Task goal | Print only the lines from the top of the data through the line with "Antecedents: A sequence", both included, skipping every picture.
========================================
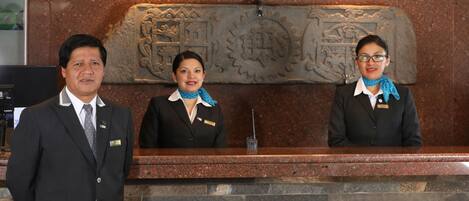 A reception desk with a stone wall and a carved emblem.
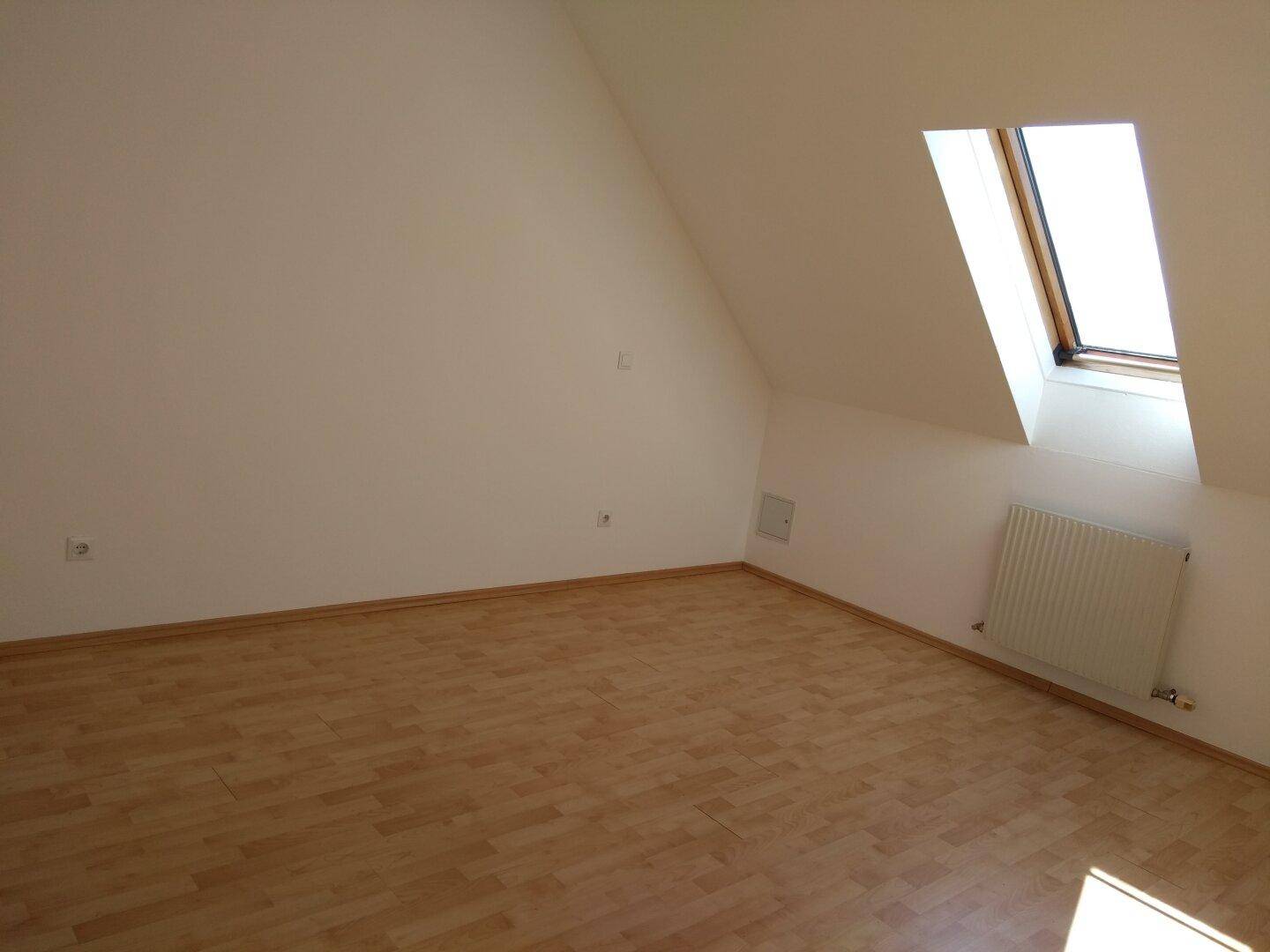 Helles Schlafzimmer im Dachgeschoss mit Laminatboden, Dachfenster und Heizkörper.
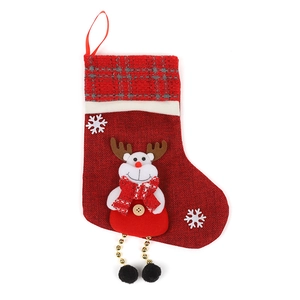 Christmas stocking candy bag featuring a reindeer doll and snowflake on white background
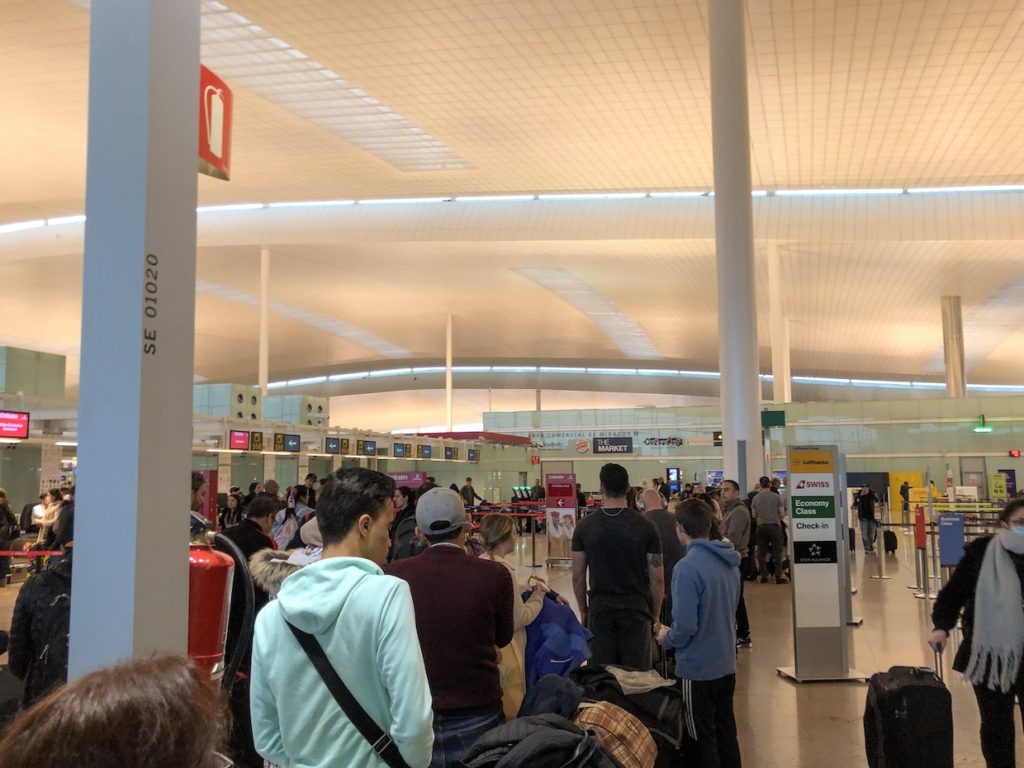 Long lines formed for airport check-in at the end of spring break.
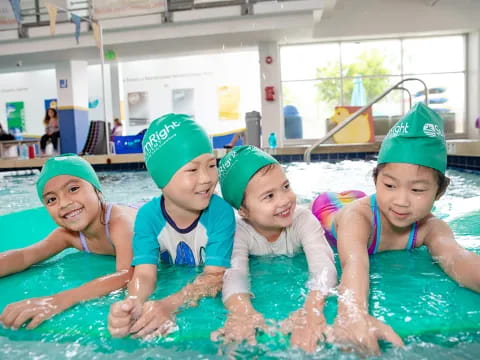 a group of children in a pool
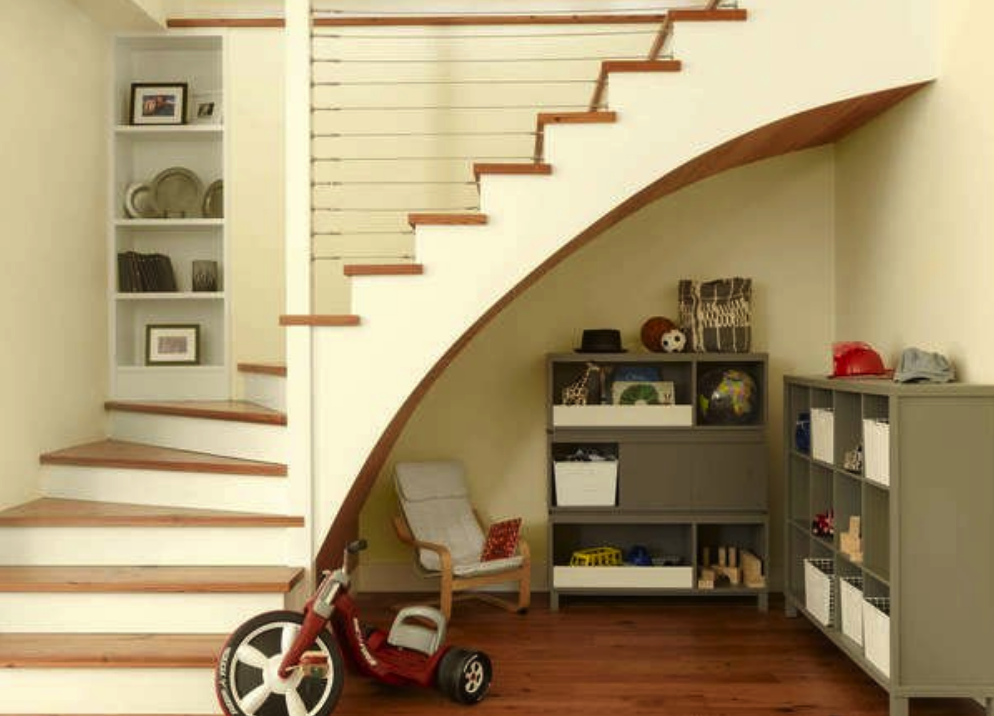 staircase with curved bottom with small children's play space underneath with chair and toy shelves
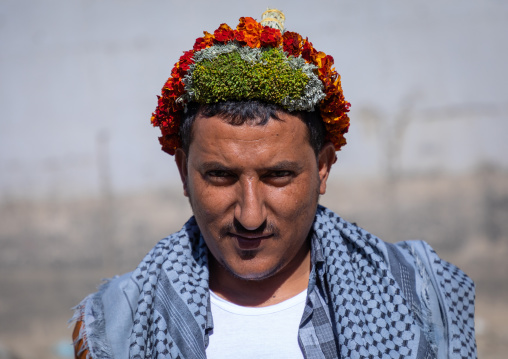 Portrait of a flower man wearing a floral crown on the head, Jizan Province, Addayer, Saudi Arabia
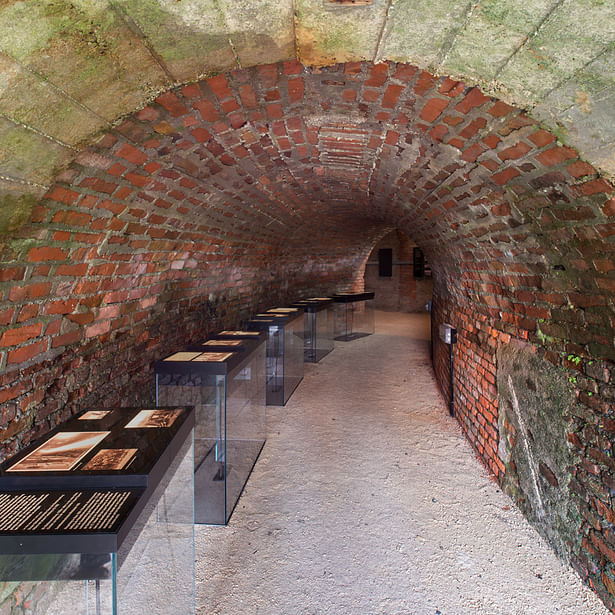 Antecedents: A sequence of horizontal surfaces with backlit documents leads deep into the tunnel system. In five “flashlights”, the prior history in the 1920s and 1930s is sketched.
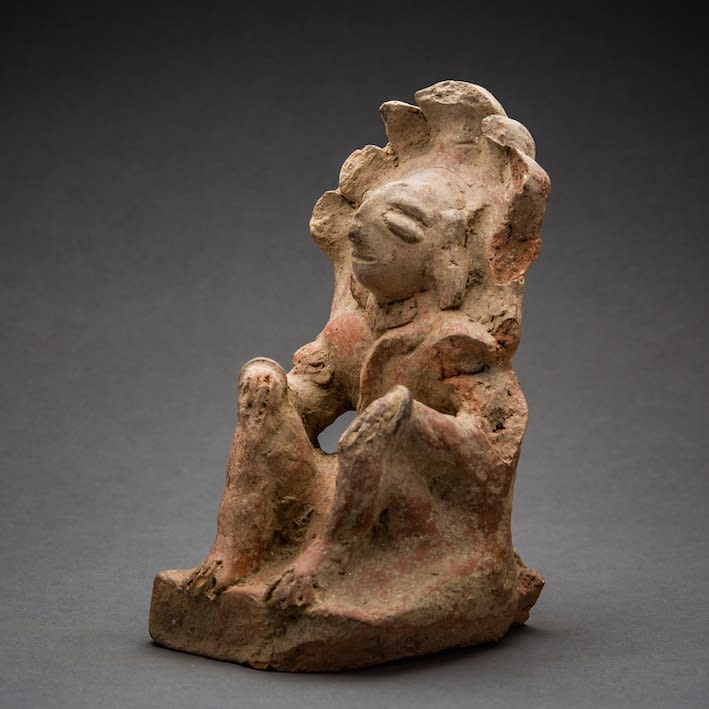Indus Valley Terracotta Figurine of a Seated Man Surmounted by a Cobra Umbrella, 2700 BCE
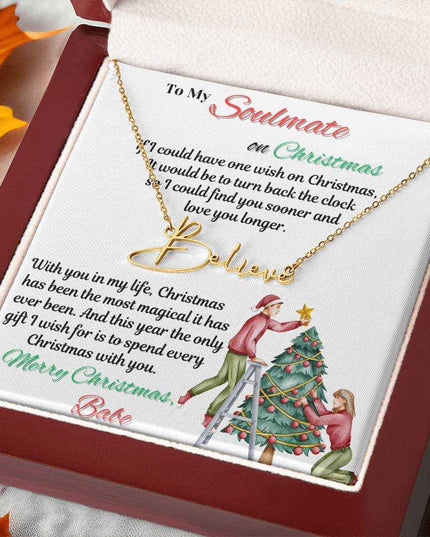 yellow gold signature name necklace in a luxury box angled to the right
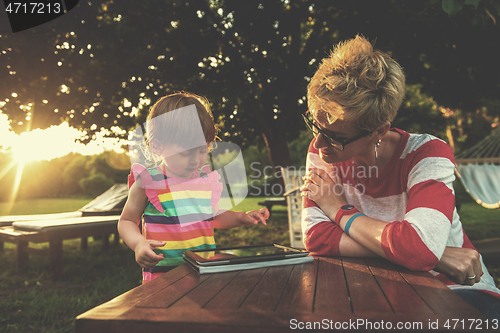 Image of mom and her little daughter using tablet computer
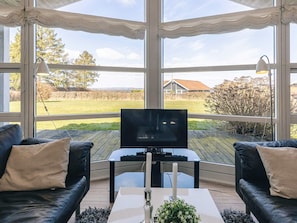 Ein Zimmer mit Fernseher auf einem Schrank, zwei schwarzen Ledersofas, einem Glastisch und Blick auf ein Wiesenfeld und ein Haus durch große Fenster.
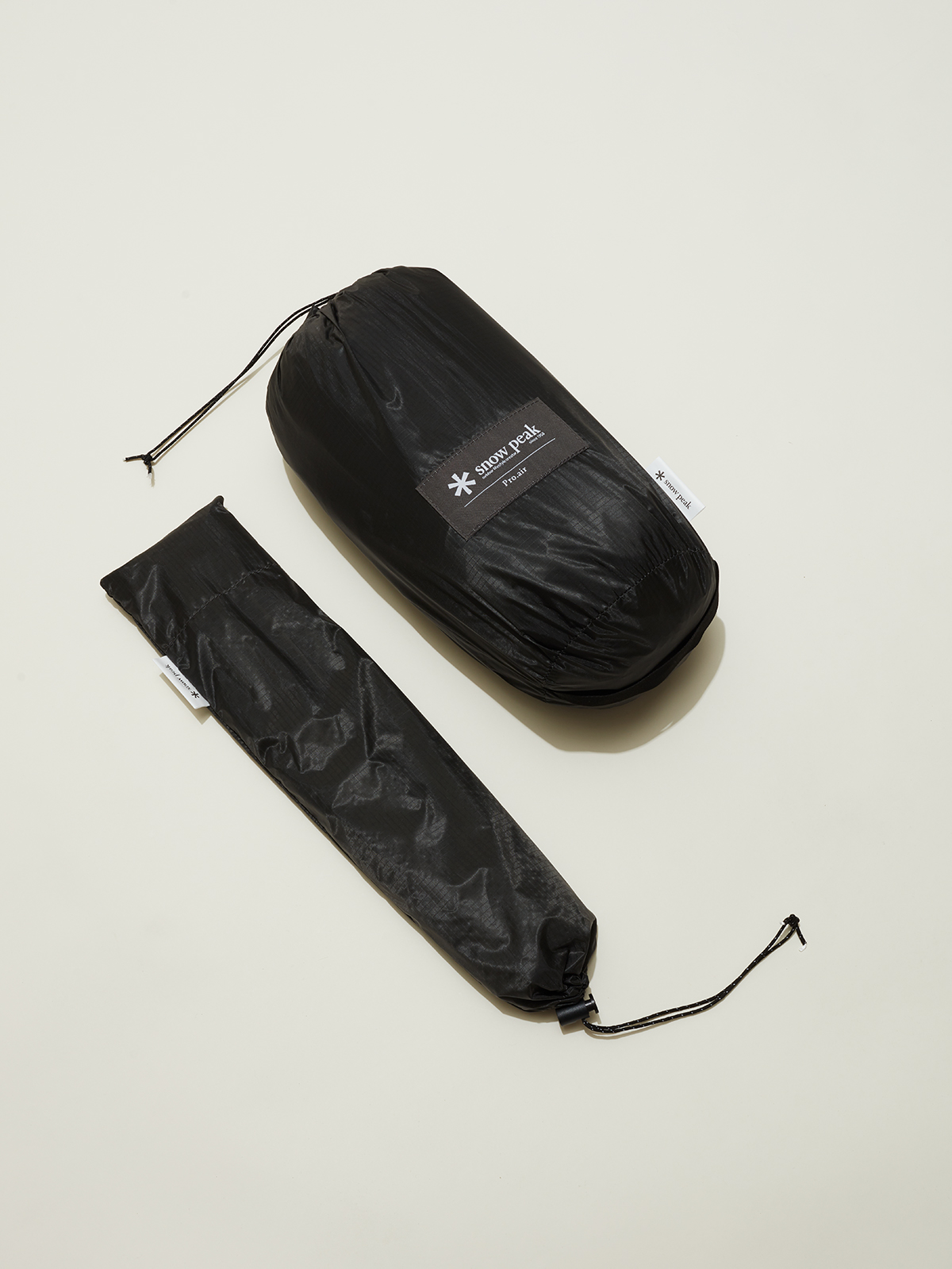 Black packaged tent components with drawstring storage bags and Snow Peak branding label
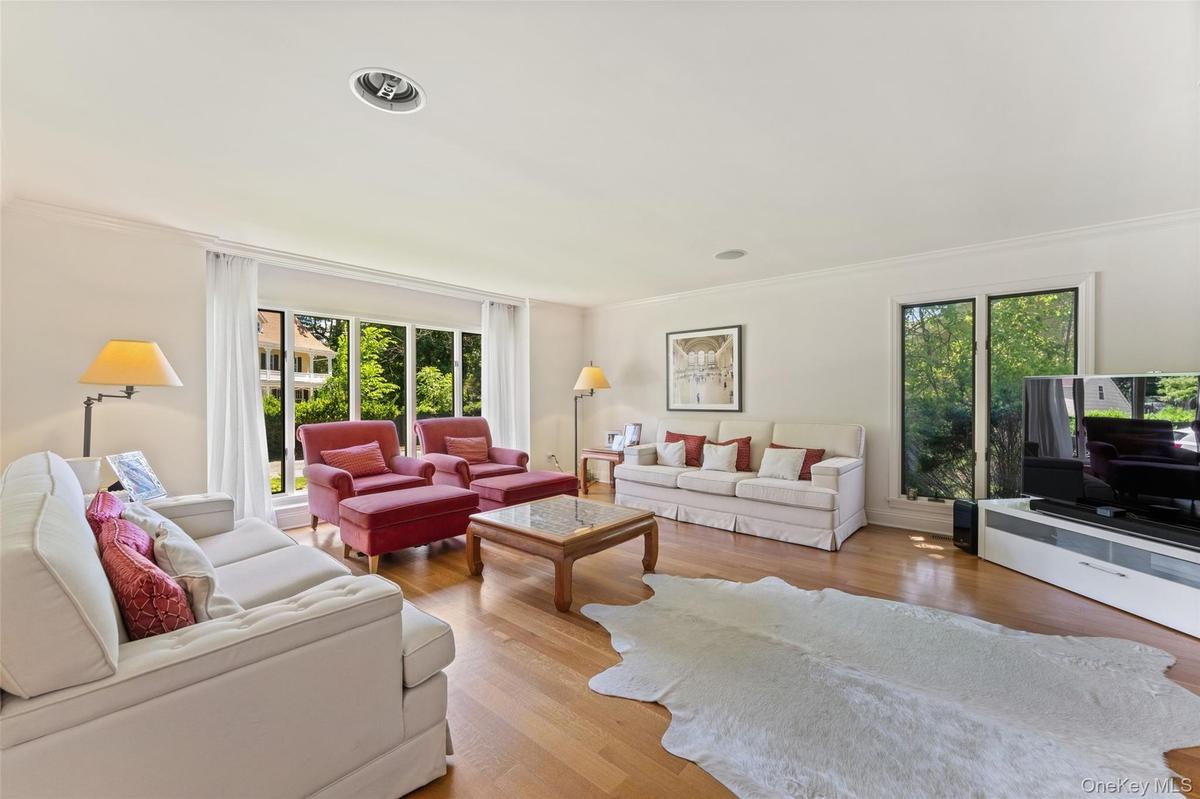 Sun filled living room with large windows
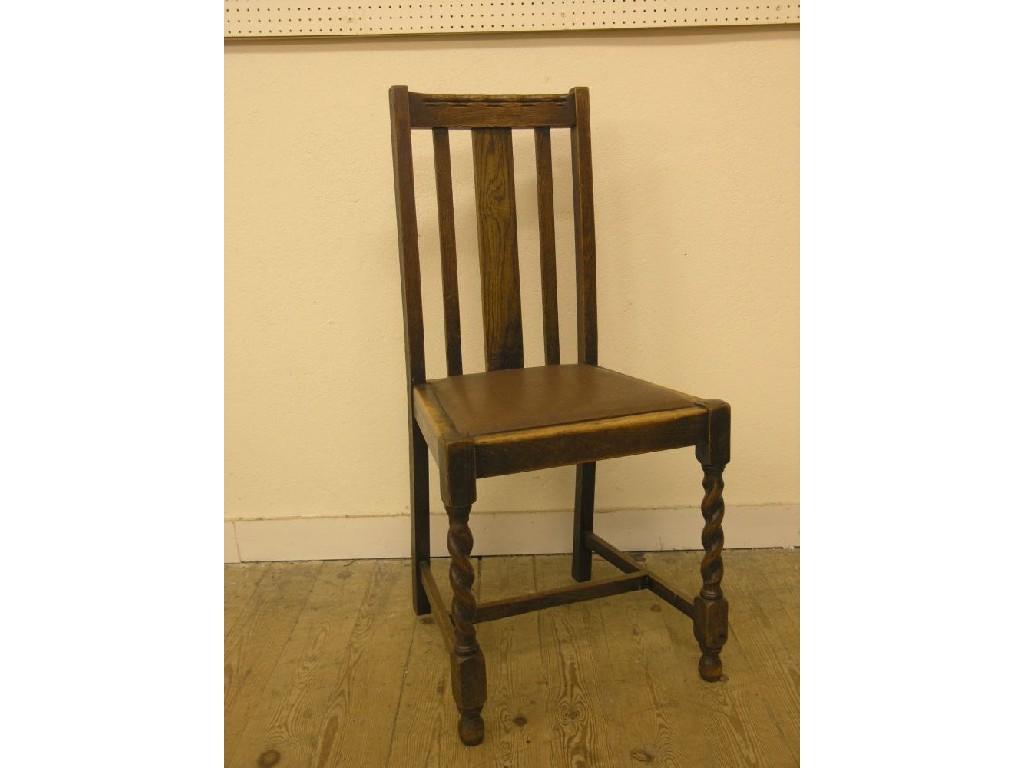 Appraisal: A set of four solid dark oak dining chairs slat-backs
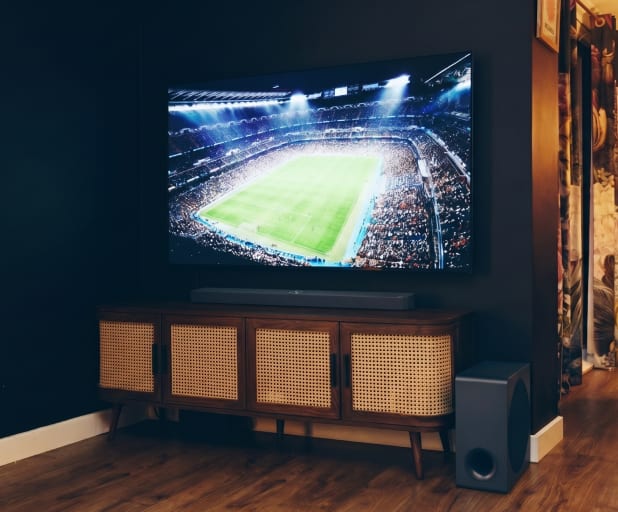 Primer plano de una barra de sonido debajo de un televisor sobre un mueble de madera.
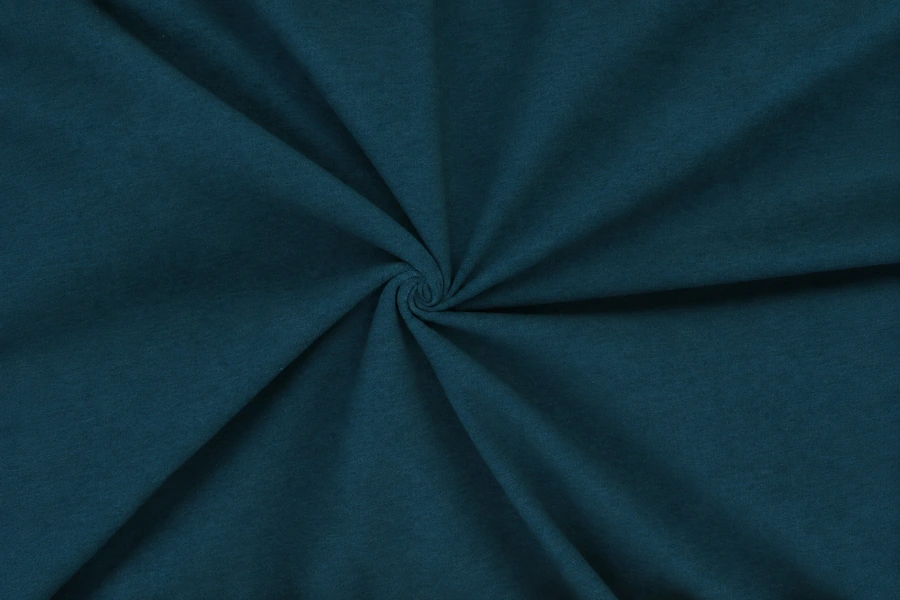 Dark teal jersey fabric gathered into soft folds with a fine knit texture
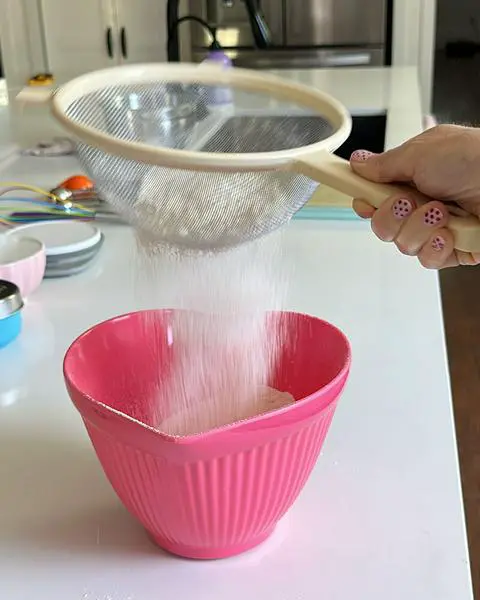 sifting dry ingredients for the lemon blueberry cookies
========================================
Result of the task |
 A reception desk with a stone wall and a carved emblem.
 Helles Schlafzimmer im Dachgeschoss mit Laminatboden, Dachfenster und Heizkörper.
 Christmas stocking candy bag featuring a reindeer doll and snowflake on white background
 Long lines formed for airport check-in at the end of spring break.
 a group of children in a pool
 staircase with curved bottom with small children's play space underneath with chair and toy shelves
 Portrait of a flower man wearing a floral crown on the head, Jizan Province, Addayer, Saudi Arabia
 Antecedents: A sequence of horizontal surfaces with backlit documents leads deep into the tunnel system. In five “flashlights”, the prior history in the 1920s and 1930s is sketched.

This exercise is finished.